■ **Source data**:
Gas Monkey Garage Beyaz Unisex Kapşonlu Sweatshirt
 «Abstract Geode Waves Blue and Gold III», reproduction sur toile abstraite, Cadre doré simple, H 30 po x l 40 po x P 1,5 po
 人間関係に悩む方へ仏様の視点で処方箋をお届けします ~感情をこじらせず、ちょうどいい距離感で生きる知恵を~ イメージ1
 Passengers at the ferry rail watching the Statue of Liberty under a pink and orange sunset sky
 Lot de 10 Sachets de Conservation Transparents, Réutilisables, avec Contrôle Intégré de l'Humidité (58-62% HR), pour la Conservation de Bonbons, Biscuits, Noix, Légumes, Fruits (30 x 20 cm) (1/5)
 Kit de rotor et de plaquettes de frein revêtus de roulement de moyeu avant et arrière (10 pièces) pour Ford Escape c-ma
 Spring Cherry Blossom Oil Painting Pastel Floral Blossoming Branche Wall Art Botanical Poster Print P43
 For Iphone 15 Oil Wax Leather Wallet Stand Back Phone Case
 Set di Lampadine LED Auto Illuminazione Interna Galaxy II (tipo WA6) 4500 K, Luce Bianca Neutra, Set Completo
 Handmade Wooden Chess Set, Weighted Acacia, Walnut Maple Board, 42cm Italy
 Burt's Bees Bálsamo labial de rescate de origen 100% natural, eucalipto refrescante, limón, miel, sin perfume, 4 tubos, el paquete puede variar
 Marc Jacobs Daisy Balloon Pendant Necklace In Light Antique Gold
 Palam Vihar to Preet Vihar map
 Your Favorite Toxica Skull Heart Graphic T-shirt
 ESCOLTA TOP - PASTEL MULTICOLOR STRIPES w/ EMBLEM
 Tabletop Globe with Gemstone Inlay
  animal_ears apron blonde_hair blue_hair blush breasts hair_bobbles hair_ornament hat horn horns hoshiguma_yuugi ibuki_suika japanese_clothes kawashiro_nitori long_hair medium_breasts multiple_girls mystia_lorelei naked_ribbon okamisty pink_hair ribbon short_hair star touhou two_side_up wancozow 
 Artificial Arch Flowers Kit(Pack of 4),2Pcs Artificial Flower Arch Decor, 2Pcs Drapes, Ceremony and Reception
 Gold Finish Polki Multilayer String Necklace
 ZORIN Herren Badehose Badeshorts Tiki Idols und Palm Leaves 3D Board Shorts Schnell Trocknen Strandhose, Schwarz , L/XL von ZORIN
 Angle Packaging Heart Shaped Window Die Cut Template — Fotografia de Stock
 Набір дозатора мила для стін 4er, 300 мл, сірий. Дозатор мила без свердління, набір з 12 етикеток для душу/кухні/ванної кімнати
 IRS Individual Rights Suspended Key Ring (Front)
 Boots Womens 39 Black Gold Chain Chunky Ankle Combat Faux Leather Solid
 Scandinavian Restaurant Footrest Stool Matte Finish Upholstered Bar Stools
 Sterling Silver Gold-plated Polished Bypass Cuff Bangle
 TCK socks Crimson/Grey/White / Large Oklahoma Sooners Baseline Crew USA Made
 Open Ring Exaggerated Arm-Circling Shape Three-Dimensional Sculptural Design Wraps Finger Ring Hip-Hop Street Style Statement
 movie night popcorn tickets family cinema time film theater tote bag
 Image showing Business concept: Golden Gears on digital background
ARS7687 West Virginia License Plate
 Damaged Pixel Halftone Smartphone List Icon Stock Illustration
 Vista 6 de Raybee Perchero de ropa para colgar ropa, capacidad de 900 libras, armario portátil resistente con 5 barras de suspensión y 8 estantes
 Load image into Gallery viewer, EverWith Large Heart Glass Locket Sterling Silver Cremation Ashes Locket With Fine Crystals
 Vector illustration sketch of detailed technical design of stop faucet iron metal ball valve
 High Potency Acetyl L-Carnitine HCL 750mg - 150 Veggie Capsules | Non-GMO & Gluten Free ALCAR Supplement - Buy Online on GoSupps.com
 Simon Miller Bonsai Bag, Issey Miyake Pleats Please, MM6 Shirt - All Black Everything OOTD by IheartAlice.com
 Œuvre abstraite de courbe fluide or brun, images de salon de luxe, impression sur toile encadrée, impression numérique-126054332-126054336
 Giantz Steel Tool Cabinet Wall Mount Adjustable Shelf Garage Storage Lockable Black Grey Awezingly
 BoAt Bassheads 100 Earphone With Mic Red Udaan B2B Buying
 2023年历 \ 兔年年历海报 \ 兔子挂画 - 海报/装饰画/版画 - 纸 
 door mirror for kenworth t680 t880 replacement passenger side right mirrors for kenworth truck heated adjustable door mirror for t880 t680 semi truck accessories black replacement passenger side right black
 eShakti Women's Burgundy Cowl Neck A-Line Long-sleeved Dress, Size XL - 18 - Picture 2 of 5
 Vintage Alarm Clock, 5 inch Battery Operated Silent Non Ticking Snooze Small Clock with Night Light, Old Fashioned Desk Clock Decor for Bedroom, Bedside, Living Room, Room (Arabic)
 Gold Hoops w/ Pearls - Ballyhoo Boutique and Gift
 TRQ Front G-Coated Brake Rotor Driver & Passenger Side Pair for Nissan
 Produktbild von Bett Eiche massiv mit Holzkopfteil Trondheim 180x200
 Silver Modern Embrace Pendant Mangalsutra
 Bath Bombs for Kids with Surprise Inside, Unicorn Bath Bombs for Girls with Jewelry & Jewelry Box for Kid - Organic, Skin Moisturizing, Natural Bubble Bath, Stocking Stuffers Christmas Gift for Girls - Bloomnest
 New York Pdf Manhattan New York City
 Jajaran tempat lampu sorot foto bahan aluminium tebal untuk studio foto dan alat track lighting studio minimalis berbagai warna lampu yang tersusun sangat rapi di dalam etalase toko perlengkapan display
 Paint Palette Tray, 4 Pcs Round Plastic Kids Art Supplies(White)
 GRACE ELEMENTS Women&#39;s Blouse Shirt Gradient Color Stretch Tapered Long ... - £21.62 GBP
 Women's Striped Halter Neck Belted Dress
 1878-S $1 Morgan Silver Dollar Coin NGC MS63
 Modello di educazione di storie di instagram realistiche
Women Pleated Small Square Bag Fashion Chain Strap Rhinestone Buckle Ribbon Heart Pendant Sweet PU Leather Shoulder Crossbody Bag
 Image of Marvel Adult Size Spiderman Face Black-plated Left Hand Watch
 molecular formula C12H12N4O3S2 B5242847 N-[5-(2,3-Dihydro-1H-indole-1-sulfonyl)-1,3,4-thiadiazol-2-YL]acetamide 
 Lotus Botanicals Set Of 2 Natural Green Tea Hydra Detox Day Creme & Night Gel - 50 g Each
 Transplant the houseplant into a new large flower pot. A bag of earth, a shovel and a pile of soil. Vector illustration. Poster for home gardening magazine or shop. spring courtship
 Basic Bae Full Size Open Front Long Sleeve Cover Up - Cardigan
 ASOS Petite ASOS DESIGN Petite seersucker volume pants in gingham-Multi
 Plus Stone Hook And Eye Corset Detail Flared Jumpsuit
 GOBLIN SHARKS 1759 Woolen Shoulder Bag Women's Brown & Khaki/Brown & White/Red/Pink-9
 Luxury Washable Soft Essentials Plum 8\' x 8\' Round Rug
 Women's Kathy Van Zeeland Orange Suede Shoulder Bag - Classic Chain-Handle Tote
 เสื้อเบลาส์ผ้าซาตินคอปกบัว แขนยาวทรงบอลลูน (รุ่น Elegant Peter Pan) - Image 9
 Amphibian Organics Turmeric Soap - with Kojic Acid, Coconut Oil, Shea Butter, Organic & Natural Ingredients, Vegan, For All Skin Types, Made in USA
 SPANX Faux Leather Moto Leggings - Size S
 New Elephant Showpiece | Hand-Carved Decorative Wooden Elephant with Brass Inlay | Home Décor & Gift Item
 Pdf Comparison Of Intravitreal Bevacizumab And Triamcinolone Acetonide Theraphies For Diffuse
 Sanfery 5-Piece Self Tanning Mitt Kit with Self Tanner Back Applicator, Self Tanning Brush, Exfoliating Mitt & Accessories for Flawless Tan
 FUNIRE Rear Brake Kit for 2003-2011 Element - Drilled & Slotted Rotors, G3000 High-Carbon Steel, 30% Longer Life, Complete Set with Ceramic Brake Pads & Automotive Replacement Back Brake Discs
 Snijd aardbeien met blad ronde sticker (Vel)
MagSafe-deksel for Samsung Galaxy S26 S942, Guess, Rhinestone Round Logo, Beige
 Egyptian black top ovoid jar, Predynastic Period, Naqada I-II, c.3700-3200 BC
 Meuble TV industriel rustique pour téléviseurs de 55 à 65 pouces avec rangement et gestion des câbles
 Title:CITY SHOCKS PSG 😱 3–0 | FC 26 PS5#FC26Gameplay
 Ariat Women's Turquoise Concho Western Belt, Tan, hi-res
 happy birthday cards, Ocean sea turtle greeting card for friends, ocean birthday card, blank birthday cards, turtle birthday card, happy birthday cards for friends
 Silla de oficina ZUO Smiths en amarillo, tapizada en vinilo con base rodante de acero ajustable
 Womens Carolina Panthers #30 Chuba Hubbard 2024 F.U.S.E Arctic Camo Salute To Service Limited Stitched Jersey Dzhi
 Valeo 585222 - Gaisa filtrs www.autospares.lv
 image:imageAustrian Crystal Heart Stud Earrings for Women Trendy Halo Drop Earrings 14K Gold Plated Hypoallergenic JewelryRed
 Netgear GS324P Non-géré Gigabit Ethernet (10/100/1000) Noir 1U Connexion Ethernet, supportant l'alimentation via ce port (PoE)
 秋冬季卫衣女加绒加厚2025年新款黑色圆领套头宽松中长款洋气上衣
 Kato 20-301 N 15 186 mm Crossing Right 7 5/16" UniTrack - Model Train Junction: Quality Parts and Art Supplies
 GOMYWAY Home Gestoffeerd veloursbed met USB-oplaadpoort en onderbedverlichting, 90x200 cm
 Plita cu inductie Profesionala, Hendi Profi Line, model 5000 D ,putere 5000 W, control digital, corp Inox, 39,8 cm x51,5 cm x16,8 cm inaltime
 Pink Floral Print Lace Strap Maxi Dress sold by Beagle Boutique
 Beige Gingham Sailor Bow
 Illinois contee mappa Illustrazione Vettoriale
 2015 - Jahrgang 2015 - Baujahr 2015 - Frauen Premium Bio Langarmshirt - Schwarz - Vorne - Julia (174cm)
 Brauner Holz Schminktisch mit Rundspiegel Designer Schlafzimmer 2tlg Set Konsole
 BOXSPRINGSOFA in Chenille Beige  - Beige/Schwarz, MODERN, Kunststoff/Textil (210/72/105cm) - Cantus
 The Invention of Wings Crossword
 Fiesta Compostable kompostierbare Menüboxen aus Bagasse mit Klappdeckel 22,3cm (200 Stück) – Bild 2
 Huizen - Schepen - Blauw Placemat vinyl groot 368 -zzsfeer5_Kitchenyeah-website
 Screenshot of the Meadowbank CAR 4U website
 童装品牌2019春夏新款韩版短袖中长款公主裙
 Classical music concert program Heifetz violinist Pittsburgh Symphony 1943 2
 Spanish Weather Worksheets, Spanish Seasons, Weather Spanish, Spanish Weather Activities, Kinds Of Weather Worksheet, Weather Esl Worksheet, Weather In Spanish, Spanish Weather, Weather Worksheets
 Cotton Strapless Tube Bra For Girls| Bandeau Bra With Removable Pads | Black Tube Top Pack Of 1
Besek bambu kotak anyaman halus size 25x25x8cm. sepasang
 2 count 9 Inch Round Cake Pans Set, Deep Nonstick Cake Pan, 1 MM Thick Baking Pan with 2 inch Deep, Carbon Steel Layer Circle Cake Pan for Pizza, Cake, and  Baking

■ **Task objective**: In the material above, transcribe exactly the lines beginning at the one with "Pdf Comparison Of" and ending at the one with "Sanfery 5-Piece Self", both included.

■ **Problem solution**:
 Pdf Comparison Of Intravitreal Bevacizumab And Triamcinolone Acetonide Theraphies For Diffuse
 Sanfery 5-Piece Self Tanning Mitt Kit with Self Tanner Back Applicator, Self Tanning Brush, Exfoliating Mitt & Accessories for Flawless Tan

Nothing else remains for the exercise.